* Exercise materials *

★ ★ ★ ★ ★ ★ ★

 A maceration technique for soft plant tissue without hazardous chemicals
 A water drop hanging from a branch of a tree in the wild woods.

★ ★ ★ ★ ★ ★ ★

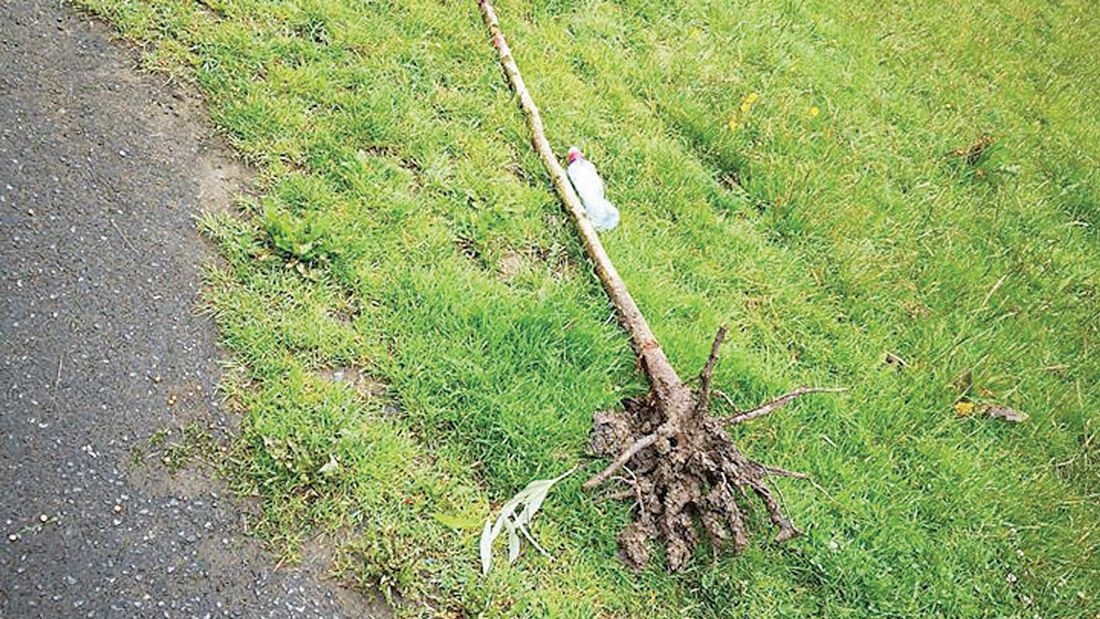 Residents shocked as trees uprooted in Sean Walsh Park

★ ★ ★ ★ ★ ★ ★

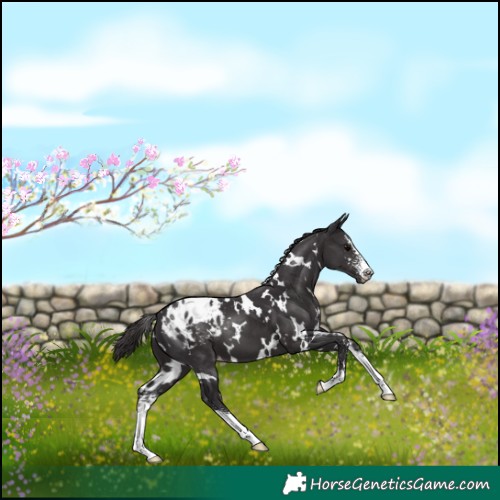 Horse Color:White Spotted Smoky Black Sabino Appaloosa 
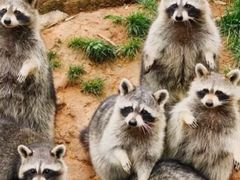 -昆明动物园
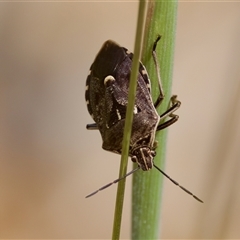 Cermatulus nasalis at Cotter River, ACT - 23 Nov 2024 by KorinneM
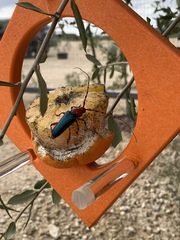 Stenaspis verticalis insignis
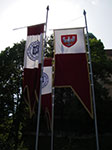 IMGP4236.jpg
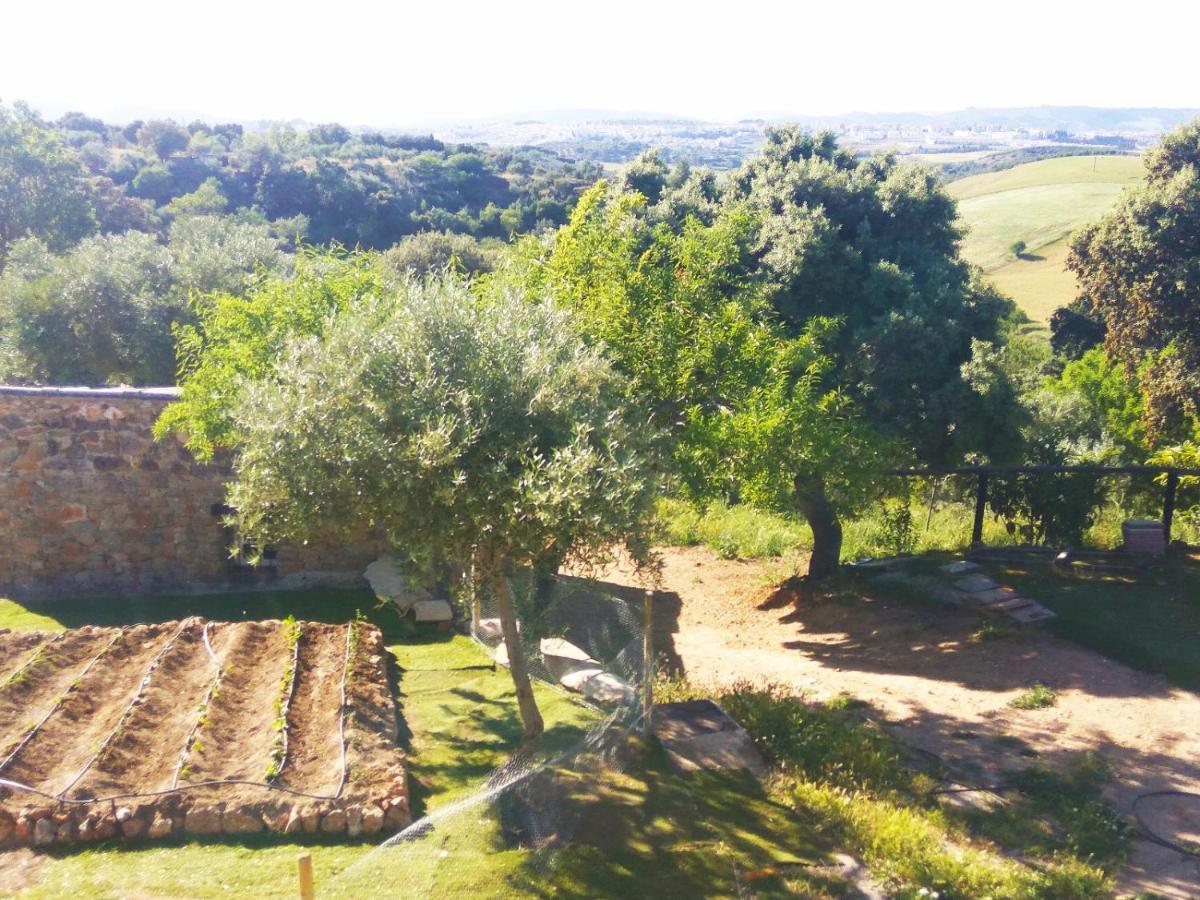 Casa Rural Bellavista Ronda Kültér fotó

★ ★ ★ ★ ★ ★ ★

* Problem statement *
From the records above, repeat exactly the lines from the one with "A maceration technique" through the one with "A water drop", both included.

* Exercise response *
 A maceration technique for soft plant tissue without hazardous chemicals
 A water drop hanging from a branch of a tree in the wild woods.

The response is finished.